The United States on December 23 signed four new health memorandums of understanding with Madagascar, Sierra Leone, Botswana, and Ethiopia, covering a combined amount of about $2.3 billion over five years. Under the agreements, Washington will commit nearly $1.4 billion, while the partner countries have pledged to mobilize more than $900 million in domestic resources.
The accords expand a framework launched in early December 2025 with Kenya, Uganda, and Rwanda, confirming the acceleration of a new format of US bilateral health assistance in Africa. The model is built around a common structure, with clearly defined objectives, strict implementation timelines, and monitoring mechanisms that include explicit consequences in the event of non-compliance.
The US State Department says the approach is results-driven, aimed at ensuring that American health assistance delivers measurable outcomes while reducing long-term dependence by recipient countries.
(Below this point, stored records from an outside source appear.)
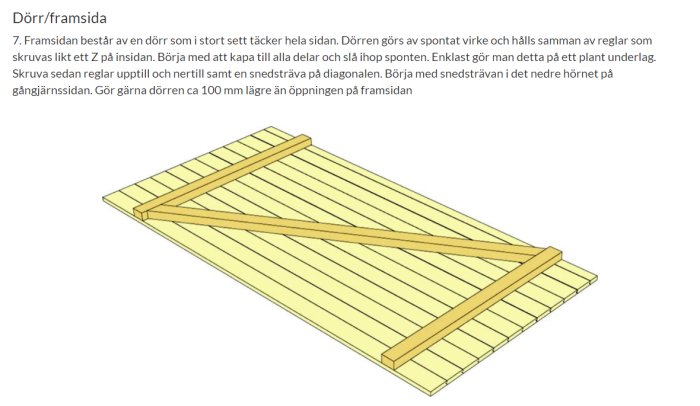 Dörrkonstruktion med spontade trädelar och diagonala samt horisontella reglar.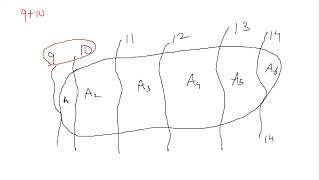 video1705841405 ISOHYETAL METHOD [upl. by Solracsiul]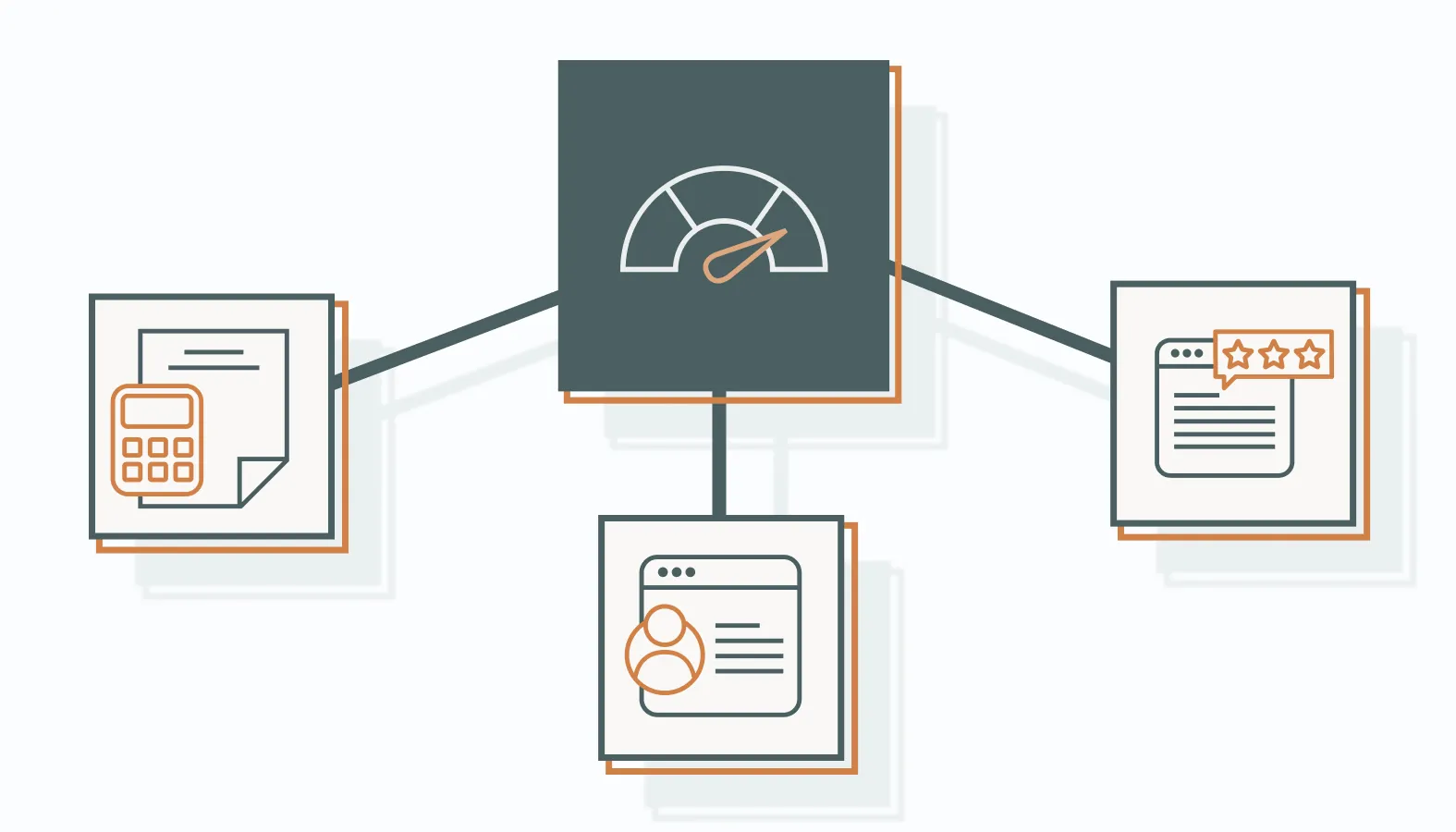 Key Metrics for Customer Retention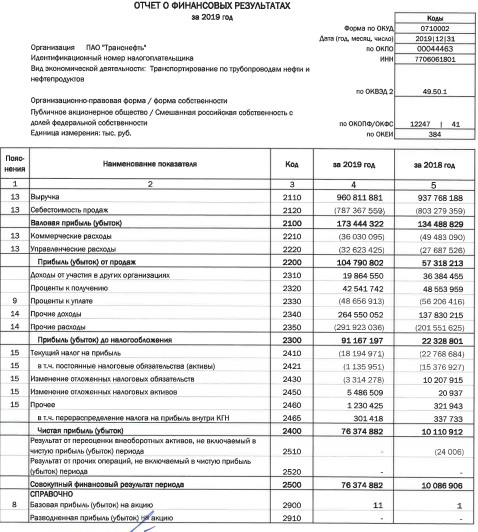 Транснефть - чистая прибыль по РСБУ за 2019 г выросла в 21 раз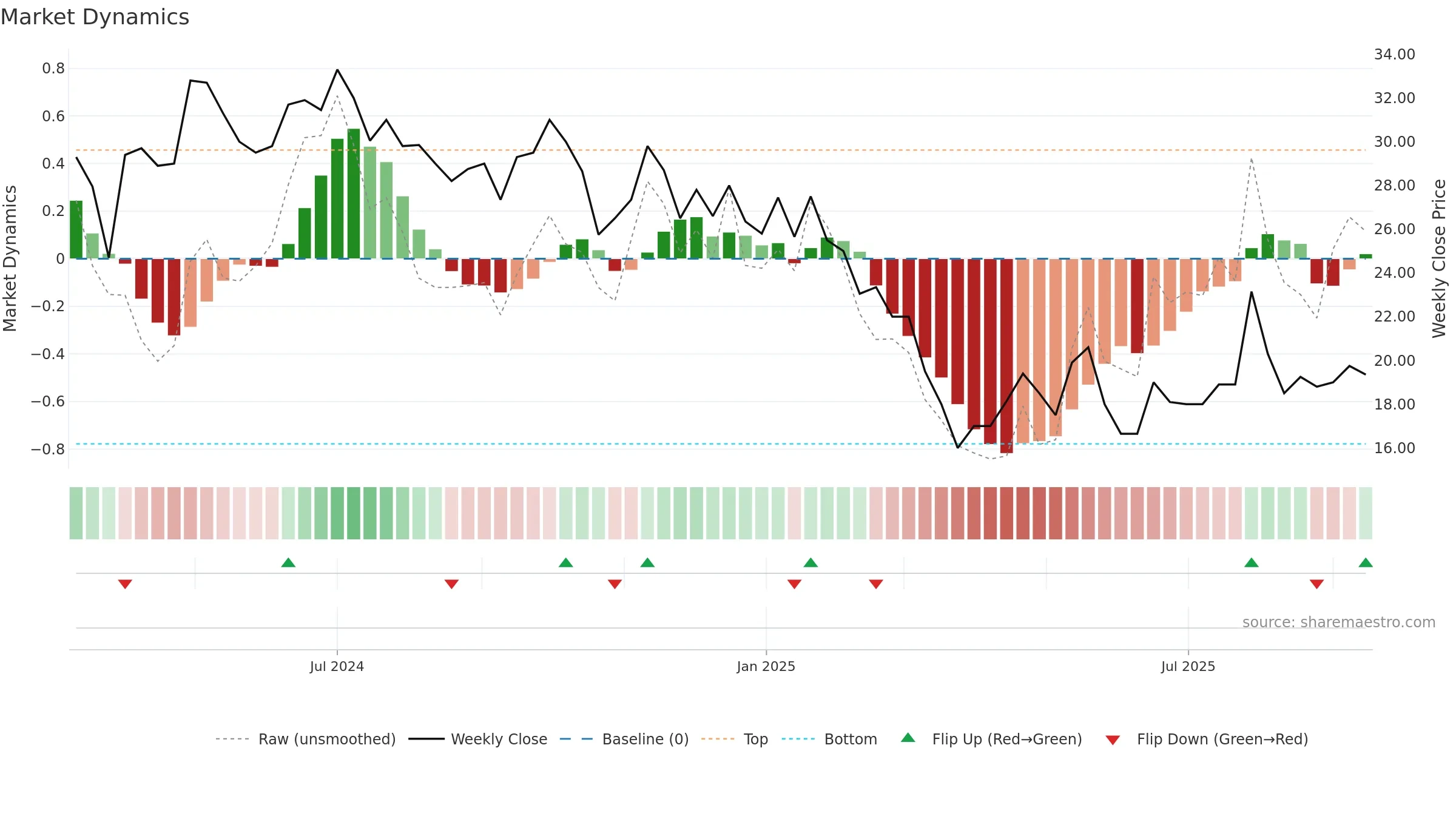 PLADAINFO weekly Market Dynamics chart, closing 2025-09-15.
The new funding comes at a critical time for some beneficiaries, notably Madagascar, which has recently cut public health spending. The finance law adopted last month allocates 5.4% of the national budget to health in 2026, down from 6.5% year on year and well below the 15% target set under the Abuja Declaration.
In practice, the strategy involves a relative reduction in US financial effort, stricter requirements for national co-financing, and a shift toward government-to-government agreements. This comes at the expense of multilateral mechanisms and the traditional role of non-governmental organizations. Washington argues that, despite more than $175 billion invested in global health assistance since 2001, a significant share of funding has supported parallel systems considered insufficiently sustainable.
With the inclusion of Madagascar, Sierra Leone, Botswana, and Ethiopia, Africa has become the main testing ground for this model, which could be extended to additional countries, subject to tighter financial and institutional commitments.